For B2B companies, past due invoices are a fact of life. On average, 10-15% of B2B invoices are paid late. The difference between companies with strong cash flow and those that struggle is not whether invoices go past due — it's how quickly and systematically they respond when they do.

What You Need to Know About Past Due Invoices

Past Due Invoice in Practice: B2B Example

Scenario: Accounting Firm

Invoice: $8,500 for quarterly bookkeeping services, Net 30 terms, due March 15.

Day 1 past due (March 16): Automated email reminder sent. "Your invoice #1247 for $8,500 was due yesterday."

Day 7 (March 22): Phone call to the AP contact. Discovers the invoice was never received — re-sent immediately.

Day 14 (March 29): Follow-up call. AP confirms invoice is in the payment queue for next week's check run.

Day 21 (April 5): Payment of $8,500 received. Total time past due: 21 days.

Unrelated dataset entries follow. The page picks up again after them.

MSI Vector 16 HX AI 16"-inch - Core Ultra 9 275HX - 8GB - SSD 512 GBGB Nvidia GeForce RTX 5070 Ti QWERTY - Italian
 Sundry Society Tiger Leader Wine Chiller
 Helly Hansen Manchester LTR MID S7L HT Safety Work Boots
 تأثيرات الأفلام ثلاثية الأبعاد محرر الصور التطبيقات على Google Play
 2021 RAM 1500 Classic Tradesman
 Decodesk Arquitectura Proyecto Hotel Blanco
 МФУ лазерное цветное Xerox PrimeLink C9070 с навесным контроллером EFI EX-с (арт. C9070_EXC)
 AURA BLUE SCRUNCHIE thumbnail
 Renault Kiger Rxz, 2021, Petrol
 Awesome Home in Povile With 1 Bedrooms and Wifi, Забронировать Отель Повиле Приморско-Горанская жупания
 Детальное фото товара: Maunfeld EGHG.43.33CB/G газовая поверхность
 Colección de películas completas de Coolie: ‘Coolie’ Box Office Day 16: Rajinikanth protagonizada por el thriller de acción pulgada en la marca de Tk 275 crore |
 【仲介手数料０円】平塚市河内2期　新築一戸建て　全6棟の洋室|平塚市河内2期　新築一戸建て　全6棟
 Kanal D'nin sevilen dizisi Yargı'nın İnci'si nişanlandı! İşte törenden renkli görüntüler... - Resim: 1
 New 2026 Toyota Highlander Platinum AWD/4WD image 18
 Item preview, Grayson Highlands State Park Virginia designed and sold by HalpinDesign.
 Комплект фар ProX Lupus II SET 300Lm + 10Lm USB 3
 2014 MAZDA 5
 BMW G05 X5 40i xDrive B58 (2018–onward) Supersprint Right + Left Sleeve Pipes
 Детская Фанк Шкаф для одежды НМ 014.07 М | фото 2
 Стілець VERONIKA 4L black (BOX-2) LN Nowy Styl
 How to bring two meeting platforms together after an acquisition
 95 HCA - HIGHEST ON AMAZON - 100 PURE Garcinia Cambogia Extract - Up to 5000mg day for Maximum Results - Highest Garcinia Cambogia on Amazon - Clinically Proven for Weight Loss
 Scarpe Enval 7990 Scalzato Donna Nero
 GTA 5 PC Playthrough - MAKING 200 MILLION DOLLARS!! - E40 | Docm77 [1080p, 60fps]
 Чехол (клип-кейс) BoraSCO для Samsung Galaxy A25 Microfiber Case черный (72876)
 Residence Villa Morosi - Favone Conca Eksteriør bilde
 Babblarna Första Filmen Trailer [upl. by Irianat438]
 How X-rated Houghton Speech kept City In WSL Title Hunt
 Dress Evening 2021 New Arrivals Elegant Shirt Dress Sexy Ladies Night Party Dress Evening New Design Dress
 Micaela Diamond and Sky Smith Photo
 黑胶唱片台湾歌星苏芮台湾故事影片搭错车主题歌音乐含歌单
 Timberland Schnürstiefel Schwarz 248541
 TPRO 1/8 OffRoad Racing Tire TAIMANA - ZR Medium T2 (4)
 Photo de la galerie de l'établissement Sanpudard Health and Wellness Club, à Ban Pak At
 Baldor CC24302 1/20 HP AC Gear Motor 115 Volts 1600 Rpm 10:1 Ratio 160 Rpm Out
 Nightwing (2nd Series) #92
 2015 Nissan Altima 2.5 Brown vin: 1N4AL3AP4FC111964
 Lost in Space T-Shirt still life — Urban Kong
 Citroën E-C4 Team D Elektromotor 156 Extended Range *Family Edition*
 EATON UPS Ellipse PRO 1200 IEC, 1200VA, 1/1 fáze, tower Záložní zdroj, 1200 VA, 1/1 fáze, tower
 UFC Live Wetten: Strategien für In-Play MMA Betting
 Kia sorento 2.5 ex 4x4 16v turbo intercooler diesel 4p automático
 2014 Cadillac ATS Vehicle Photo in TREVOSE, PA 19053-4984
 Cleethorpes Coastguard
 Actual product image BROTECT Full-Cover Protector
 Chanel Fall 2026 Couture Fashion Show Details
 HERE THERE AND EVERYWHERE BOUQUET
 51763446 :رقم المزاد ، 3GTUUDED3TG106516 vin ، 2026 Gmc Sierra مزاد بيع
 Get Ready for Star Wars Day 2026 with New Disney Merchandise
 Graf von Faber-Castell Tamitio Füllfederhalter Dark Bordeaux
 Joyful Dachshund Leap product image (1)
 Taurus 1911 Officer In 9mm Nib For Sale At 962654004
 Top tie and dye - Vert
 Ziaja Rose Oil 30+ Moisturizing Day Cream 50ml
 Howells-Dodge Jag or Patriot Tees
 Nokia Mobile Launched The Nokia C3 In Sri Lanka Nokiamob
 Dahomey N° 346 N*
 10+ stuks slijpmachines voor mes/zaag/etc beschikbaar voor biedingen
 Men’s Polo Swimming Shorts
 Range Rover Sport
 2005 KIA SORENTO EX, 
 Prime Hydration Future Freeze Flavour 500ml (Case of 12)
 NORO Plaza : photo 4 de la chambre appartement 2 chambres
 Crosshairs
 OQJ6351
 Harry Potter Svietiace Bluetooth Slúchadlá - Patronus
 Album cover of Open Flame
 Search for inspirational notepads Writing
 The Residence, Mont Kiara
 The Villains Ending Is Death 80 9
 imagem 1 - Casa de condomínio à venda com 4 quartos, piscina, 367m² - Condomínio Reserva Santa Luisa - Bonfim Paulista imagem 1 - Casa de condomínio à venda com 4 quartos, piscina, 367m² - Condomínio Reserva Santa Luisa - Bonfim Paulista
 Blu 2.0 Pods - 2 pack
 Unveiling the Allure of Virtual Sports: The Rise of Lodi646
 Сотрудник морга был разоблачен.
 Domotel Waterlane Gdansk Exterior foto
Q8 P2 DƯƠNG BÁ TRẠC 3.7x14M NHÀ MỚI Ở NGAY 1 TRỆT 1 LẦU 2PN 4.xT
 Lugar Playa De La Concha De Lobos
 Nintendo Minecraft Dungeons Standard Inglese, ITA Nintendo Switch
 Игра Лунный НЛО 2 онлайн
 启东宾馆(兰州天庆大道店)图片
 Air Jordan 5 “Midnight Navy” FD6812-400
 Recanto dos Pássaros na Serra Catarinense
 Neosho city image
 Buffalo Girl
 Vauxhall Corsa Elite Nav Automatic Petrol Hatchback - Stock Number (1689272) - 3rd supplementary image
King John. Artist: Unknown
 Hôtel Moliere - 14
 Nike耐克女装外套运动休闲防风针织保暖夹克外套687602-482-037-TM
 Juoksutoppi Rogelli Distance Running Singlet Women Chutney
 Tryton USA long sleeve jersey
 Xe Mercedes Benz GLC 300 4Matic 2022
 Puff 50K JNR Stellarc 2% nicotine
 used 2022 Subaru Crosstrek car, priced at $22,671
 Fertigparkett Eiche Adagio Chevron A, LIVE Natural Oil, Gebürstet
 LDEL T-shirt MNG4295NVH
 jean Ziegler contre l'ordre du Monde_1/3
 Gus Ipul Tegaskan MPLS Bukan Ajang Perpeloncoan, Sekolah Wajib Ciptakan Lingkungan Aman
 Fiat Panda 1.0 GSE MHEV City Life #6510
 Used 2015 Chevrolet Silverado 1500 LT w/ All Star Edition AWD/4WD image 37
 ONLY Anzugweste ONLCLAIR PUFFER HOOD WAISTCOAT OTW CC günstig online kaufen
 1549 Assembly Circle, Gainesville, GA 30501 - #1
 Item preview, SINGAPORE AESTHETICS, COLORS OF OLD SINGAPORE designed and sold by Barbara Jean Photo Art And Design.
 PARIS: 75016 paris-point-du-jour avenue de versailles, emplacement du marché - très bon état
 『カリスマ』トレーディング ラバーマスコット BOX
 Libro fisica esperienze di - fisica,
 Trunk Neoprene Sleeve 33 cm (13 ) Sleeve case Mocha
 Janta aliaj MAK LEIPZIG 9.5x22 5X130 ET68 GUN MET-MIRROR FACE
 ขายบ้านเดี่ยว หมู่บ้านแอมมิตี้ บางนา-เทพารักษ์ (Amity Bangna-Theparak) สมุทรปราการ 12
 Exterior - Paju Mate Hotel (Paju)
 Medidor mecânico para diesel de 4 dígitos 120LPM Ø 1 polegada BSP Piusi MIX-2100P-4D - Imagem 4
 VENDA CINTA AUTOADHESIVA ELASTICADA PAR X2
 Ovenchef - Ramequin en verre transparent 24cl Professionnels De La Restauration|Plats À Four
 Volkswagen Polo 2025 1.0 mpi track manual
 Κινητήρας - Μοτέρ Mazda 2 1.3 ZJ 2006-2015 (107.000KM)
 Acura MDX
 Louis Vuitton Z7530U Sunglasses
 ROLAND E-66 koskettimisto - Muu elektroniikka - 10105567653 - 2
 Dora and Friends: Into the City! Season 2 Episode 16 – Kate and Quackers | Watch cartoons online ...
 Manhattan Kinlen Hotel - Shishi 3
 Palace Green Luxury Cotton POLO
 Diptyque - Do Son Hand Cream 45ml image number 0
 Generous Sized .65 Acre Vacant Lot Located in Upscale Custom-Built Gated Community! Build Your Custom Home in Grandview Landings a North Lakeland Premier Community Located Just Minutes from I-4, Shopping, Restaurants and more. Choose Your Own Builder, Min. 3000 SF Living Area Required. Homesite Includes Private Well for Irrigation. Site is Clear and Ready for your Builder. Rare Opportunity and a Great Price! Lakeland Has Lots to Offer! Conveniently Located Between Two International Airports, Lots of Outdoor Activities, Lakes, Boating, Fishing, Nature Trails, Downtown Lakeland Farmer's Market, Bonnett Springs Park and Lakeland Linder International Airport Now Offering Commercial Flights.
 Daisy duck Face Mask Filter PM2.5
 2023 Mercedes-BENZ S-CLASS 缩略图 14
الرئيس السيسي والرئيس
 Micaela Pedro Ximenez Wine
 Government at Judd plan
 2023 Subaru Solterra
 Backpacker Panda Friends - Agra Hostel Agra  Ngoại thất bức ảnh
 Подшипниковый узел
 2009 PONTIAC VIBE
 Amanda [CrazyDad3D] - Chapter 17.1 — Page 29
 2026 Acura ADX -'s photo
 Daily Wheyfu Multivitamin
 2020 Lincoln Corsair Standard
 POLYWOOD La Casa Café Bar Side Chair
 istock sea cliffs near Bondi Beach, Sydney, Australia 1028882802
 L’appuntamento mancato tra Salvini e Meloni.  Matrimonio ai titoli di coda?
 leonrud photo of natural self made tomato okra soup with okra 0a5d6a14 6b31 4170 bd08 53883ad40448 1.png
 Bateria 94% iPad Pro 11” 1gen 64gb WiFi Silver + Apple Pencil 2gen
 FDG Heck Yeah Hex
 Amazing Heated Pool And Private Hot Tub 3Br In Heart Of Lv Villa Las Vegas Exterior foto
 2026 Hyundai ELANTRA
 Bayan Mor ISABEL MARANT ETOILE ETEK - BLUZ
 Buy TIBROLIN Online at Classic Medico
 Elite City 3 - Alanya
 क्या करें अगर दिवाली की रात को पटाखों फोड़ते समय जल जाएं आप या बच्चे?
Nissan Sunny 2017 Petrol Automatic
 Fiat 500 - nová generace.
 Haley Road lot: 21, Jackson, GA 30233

Without follow-up: The lost invoice would have sat indefinitely. The client would not have known it was missing. The $8,500 would have aged to 60, 90, 120 days — becoming progressively harder to collect. One phone call on day 7 saved the receivable.

How AgentCollect Handles Past Due Invoices

Automatic Follow-Up From Day 1

AgentCollect AI agents contact every past due invoice automatically — starting the day after the due date. No invoice is forgotten, no follow-up is delayed, and no account falls through the cracks. The system combines emails and phone calls for maximum effectiveness.

For past due invoices that don't resolve with initial contact, AgentCollect automatically escalates: offering payment plans, increasing urgency of communication, and flagging accounts that need human review for demand letters or legal action. The entire process runs without manual intervention.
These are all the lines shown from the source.